ACTIVITY: From the entries below, please output exactly the lines starting at the one containing "Music Industrial Center" and ending at the one containing "gray master bedroom", both included.

--*--

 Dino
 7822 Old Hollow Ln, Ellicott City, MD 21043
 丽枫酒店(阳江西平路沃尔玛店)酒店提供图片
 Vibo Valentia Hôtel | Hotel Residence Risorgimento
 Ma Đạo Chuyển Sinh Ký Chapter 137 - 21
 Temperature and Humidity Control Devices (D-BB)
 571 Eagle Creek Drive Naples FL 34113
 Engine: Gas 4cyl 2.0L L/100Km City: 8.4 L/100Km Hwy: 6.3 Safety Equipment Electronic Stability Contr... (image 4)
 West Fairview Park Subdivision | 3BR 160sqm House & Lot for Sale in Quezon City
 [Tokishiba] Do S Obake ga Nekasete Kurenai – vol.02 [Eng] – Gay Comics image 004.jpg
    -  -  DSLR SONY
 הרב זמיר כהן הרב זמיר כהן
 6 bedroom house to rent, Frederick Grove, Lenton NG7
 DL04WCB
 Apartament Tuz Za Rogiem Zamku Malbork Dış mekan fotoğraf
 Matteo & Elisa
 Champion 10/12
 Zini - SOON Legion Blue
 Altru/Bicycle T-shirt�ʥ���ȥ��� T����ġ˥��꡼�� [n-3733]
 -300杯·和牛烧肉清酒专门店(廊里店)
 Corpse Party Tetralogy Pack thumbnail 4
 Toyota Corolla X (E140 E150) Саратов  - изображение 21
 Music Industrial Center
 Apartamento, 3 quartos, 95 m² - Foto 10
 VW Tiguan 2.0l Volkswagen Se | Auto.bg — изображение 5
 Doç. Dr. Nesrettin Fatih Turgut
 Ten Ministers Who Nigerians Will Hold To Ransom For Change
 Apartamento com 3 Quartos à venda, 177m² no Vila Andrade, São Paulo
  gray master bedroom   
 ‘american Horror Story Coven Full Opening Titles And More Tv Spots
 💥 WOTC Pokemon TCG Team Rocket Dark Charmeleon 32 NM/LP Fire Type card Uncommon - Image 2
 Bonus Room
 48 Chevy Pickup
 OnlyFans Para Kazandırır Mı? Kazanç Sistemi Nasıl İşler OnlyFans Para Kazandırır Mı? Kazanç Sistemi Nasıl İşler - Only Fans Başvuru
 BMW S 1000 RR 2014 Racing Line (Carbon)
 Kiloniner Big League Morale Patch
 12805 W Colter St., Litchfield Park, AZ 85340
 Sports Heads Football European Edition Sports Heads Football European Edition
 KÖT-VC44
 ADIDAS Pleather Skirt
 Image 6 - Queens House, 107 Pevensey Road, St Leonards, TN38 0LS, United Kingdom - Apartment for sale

--*--

OUTPUT OF THE EXERCISE:
 Music Industrial Center
 Apartamento, 3 quartos, 95 m² - Foto 10
 VW Tiguan 2.0l Volkswagen Se | Auto.bg — изображение 5
 Doç. Dr. Nesrettin Fatih Turgut
 Ten Ministers Who Nigerians Will Hold To Ransom For Change
 Apartamento com 3 Quartos à venda, 177m² no Vila Andrade, São Paulo
  gray master bedroom   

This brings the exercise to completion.